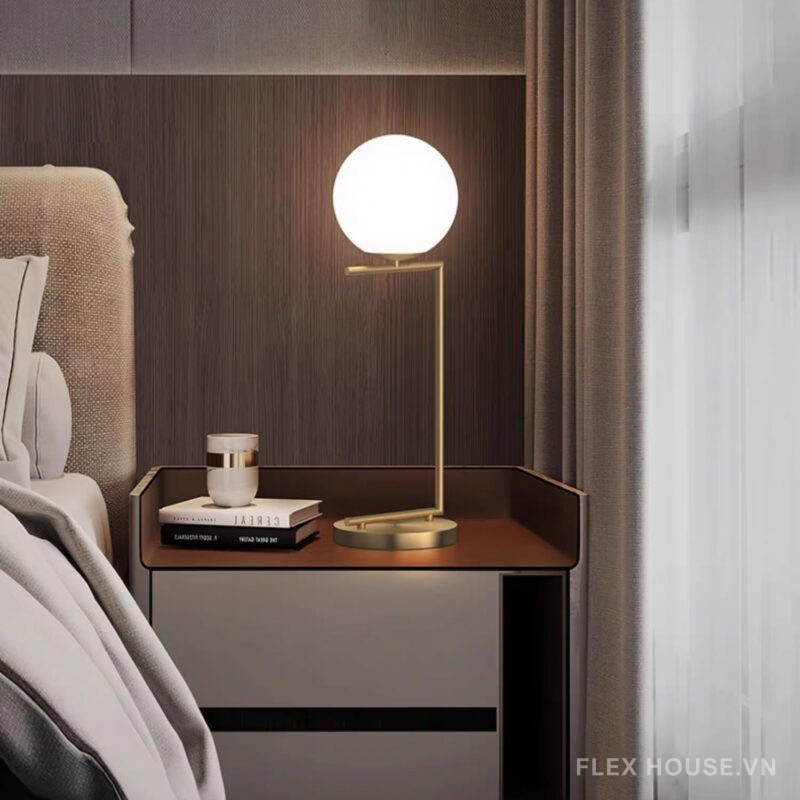 Đèn bàn bằng đồng dạng chữ C Minimalism ZHM642 3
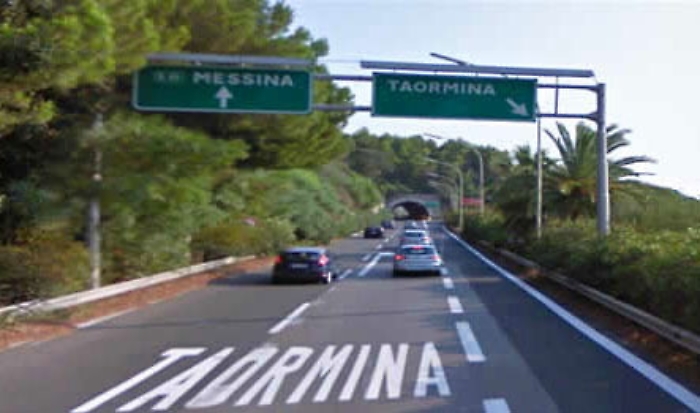 Lavori per manto stradale della A18: chiude casello di Taormina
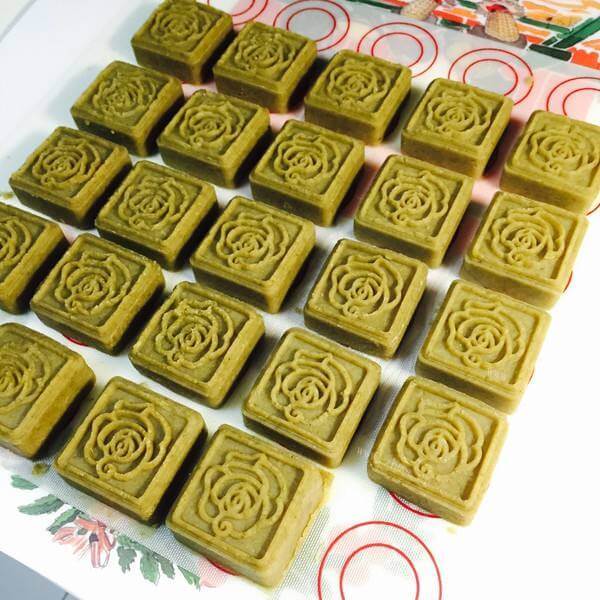 不错的美食玫瑰酱芯绿豆糕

****************

— WHAT IS NEEDED —
From start to finish, output the listing exactly, but omit its pictures.

— EXERCISE OUTPUT —
 Đèn bàn bằng đồng dạng chữ C Minimalism ZHM642 3
 Lavori per manto stradale della A18: chiude casello di Taormina
 不错的美食玫瑰酱芯绿豆糕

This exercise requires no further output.